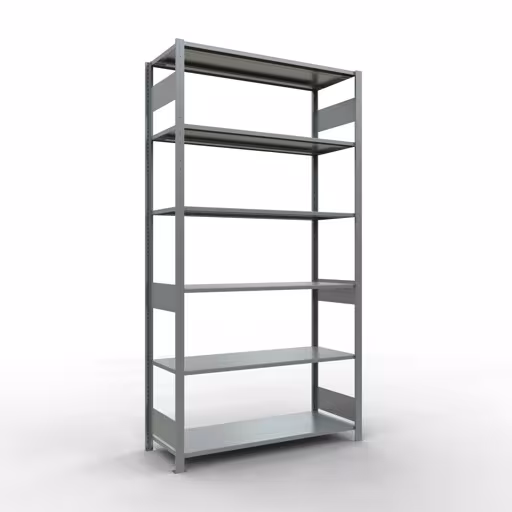 Grundregal, Fachbodenregal Stecksystem MULTIplus150, 2500 x 1300 x 500 mm (HxBxT), 6 Fachböden, Längenriegel, verzinkt von der Marke Schulte Lagertechnik Grundregal, Fachbodenregal Stecksystem MULTIplus150, 2500 x 1300 x 500 mm (HxBxT), 6 Fachböden, Längenriegel, verzinkt aus der Kategorie Grundregal mit der Artikelnummer 12751-130-LR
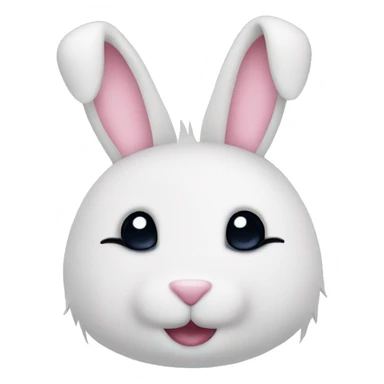 cute white bunny face with sparkles sticker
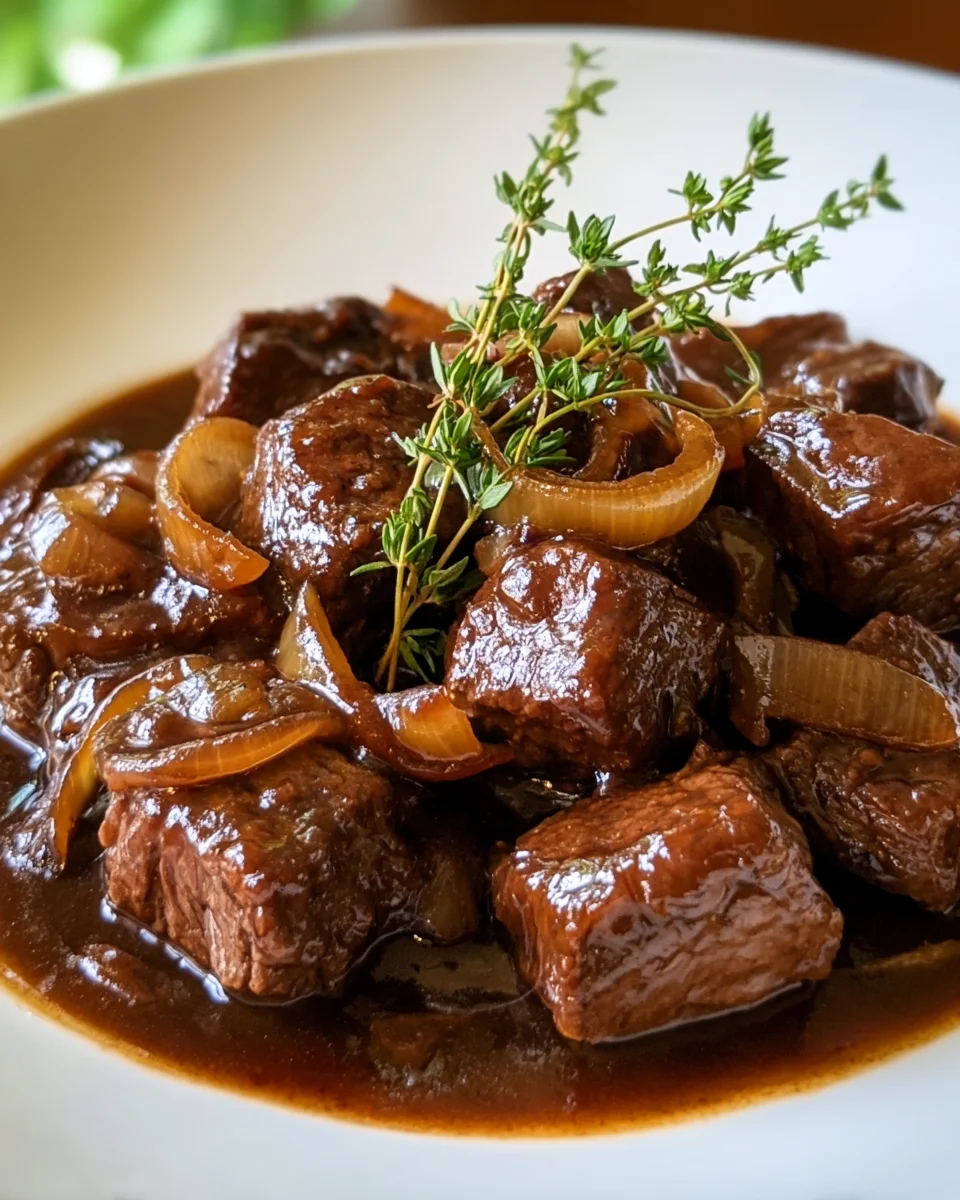Zartes Rindfleisch in Balsamico-Zwiebel-Sauce genießen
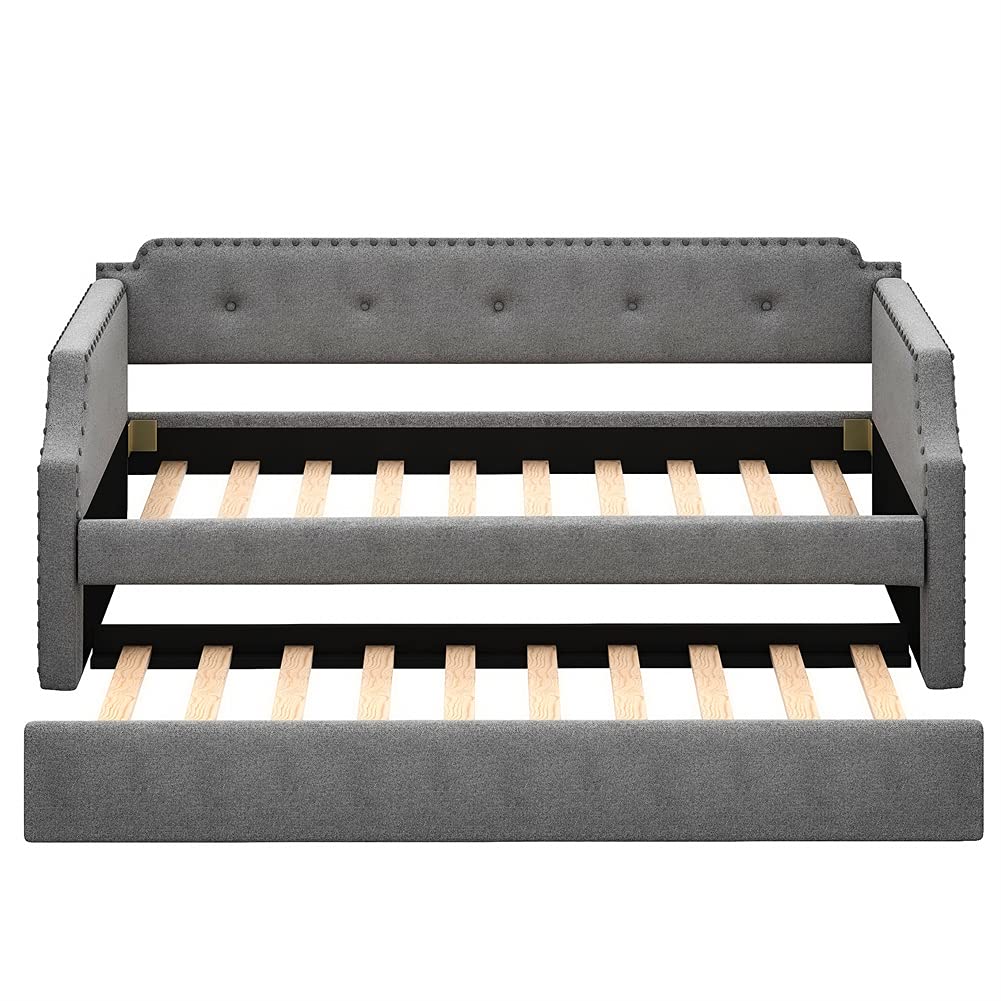 Twin Size Trundle Daybed with Upholstered Tufted Design - Wood Slat Support Sofa Bed Frame, No Box Spring Needed (Gray) - Perfect for Guest Rooms, Small Apartments & Multi-Functional Living Spaces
-----
-- What to do --
With the images removed, write out all of the material above exactly.

-- Response below --
 Grundregal, Fachbodenregal Stecksystem MULTIplus150, 2500 x 1300 x 500 mm (HxBxT), 6 Fachböden, Längenriegel, verzinkt von der Marke Schulte Lagertechnik Grundregal, Fachbodenregal Stecksystem MULTIplus150, 2500 x 1300 x 500 mm (HxBxT), 6 Fachböden, Längenriegel, verzinkt aus der Kategorie Grundregal mit der Artikelnummer 12751-130-LR
 cute white bunny face with sparkles sticker
Zartes Rindfleisch in Balsamico-Zwiebel-Sauce genießen
 Twin Size Trundle Daybed with Upholstered Tufted Design - Wood Slat Support Sofa Bed Frame, No Box Spring Needed (Gray) - Perfect for Guest Rooms, Small Apartments & Multi-Functional Living Spaces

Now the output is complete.